▶ **EXERCISE MATERIAL**:
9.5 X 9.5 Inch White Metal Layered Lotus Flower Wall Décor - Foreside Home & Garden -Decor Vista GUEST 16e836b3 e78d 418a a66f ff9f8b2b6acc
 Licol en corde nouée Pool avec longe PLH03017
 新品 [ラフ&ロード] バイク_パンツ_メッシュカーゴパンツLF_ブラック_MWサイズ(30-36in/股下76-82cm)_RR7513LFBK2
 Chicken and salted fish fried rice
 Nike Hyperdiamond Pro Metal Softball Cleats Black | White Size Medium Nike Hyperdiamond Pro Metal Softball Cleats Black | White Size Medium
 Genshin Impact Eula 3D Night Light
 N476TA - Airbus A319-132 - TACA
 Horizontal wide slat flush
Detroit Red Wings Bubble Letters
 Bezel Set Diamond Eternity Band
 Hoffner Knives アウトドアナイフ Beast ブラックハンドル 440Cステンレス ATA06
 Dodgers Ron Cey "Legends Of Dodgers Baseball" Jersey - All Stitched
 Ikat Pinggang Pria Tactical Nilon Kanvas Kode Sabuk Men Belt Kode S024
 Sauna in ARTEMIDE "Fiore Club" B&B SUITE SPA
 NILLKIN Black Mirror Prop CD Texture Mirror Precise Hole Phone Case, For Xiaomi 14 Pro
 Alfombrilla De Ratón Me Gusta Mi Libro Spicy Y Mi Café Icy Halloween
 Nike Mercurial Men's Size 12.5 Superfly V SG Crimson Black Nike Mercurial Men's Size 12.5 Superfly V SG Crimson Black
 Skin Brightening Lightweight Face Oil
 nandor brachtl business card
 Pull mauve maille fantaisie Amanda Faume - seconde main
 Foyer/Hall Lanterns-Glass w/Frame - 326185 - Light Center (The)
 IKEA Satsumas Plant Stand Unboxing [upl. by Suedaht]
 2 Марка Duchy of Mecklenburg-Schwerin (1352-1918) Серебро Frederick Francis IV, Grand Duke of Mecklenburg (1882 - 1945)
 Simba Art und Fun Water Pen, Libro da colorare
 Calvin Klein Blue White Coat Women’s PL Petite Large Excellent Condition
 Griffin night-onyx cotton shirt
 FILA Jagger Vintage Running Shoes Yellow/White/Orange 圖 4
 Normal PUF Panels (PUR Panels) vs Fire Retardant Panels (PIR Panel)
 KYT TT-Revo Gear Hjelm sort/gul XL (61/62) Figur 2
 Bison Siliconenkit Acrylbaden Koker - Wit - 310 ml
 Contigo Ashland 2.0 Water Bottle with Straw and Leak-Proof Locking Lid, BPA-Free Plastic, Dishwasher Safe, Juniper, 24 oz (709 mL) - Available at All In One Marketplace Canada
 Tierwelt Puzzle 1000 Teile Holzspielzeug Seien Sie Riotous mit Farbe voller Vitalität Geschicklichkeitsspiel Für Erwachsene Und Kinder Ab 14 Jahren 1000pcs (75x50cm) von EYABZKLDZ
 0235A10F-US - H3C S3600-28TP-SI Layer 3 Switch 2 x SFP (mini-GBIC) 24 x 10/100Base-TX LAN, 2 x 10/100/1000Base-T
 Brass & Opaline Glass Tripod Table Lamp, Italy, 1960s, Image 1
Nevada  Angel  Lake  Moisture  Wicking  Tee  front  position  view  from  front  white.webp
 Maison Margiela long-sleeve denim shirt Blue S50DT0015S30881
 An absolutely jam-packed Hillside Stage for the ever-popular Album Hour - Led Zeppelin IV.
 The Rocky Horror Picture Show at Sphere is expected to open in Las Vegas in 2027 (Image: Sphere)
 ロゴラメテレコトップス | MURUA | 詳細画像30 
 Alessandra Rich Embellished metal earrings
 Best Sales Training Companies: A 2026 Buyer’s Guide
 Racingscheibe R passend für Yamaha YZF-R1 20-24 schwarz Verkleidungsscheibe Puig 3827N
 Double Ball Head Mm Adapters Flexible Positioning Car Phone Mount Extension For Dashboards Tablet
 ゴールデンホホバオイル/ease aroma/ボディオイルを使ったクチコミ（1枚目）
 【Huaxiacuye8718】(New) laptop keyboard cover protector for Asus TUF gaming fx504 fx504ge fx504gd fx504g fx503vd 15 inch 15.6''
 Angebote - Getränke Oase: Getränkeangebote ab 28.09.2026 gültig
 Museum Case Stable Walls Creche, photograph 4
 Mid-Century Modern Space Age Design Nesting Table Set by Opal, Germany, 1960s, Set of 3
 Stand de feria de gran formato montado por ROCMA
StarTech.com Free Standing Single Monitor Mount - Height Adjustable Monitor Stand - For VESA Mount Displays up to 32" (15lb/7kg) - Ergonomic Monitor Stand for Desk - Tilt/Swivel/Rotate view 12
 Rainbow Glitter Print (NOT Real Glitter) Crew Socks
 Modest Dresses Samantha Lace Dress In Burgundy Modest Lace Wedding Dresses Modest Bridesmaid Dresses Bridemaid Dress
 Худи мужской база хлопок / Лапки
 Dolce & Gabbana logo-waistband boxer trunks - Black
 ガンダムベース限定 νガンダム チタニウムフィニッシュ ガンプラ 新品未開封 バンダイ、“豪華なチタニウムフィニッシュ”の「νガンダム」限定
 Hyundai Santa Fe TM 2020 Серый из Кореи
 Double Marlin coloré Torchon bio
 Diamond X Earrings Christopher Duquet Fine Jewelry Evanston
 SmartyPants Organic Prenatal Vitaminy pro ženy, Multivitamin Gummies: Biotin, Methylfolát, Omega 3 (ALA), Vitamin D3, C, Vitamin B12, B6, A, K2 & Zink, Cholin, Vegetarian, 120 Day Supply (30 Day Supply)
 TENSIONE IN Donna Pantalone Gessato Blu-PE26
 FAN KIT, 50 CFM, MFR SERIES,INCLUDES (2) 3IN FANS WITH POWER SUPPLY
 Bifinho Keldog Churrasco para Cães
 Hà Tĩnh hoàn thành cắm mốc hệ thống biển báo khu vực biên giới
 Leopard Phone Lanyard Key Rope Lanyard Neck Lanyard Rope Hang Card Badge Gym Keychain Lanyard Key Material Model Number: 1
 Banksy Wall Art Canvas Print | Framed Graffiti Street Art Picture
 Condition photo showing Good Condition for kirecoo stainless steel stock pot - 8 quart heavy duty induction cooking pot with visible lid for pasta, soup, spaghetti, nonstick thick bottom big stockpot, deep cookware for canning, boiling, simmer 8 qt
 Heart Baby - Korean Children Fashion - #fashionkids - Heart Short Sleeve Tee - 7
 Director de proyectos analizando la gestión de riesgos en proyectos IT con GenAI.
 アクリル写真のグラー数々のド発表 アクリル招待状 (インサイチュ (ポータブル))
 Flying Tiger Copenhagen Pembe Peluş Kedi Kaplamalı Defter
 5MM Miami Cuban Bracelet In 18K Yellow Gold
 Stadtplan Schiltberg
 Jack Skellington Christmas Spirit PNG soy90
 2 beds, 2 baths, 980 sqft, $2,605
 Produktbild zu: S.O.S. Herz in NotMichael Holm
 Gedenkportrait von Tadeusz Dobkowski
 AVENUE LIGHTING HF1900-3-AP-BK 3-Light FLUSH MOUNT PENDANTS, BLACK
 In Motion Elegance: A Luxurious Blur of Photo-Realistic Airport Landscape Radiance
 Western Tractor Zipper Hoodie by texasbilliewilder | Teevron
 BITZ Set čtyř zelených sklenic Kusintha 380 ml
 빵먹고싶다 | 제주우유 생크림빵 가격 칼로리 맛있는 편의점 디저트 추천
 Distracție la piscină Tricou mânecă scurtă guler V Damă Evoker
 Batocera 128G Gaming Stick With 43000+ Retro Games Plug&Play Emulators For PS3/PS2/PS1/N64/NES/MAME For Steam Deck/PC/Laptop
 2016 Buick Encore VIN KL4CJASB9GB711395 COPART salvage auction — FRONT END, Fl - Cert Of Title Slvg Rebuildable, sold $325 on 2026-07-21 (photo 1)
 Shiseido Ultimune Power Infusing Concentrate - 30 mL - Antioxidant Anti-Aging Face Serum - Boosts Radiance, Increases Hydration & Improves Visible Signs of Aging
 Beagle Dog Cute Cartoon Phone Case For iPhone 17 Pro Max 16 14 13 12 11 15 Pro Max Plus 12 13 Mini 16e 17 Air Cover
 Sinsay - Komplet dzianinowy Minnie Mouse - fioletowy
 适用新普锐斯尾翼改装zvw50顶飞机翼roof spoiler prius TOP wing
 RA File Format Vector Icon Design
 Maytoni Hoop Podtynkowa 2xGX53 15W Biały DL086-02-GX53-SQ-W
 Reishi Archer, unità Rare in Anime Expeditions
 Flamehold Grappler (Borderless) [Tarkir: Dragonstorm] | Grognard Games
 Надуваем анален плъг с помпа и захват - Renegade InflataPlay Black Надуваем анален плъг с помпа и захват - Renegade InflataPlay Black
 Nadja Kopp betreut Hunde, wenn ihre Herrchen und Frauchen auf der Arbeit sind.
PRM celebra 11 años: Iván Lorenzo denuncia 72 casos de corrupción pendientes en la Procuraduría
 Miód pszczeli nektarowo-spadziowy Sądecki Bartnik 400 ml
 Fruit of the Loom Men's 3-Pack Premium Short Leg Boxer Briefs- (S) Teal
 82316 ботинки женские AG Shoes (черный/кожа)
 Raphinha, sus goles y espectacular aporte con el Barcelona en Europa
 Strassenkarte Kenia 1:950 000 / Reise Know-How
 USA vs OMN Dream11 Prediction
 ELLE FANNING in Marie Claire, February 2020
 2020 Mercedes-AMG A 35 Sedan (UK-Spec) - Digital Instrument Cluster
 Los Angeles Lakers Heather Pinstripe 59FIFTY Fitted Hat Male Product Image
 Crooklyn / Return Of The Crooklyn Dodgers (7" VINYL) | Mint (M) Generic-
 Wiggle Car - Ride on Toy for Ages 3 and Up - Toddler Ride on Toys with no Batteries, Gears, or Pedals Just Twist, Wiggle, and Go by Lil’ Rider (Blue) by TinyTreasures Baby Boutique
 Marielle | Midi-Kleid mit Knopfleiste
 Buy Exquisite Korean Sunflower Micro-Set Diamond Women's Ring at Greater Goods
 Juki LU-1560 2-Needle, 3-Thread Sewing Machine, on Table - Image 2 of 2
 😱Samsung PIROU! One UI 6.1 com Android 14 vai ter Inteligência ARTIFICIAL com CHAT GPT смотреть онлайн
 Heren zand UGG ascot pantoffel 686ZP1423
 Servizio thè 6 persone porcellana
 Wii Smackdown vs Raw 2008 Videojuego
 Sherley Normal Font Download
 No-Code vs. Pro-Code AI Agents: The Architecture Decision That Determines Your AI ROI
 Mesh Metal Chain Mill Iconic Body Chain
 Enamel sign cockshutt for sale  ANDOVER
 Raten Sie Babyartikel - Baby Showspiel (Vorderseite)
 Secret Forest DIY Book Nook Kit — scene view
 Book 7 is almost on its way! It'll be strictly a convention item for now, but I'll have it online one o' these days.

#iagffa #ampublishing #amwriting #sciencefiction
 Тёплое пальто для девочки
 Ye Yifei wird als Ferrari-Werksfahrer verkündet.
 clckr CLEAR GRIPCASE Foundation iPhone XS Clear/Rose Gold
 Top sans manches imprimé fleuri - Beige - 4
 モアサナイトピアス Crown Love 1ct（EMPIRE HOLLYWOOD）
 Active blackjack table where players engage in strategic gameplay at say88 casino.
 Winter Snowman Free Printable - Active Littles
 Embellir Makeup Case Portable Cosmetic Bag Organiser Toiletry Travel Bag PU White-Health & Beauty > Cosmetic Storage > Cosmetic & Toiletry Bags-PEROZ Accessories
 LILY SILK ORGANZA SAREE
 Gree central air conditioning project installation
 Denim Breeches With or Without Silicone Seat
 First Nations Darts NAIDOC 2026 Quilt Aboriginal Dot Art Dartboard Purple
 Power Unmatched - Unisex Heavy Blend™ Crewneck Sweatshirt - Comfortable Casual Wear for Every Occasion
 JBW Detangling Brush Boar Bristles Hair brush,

▶ **TASK INSTRUCTIONS**: Nothing but a number belongs in the answer, namely how many lines above include "Yellow".

▶ **EXERCISE RESULT**: 2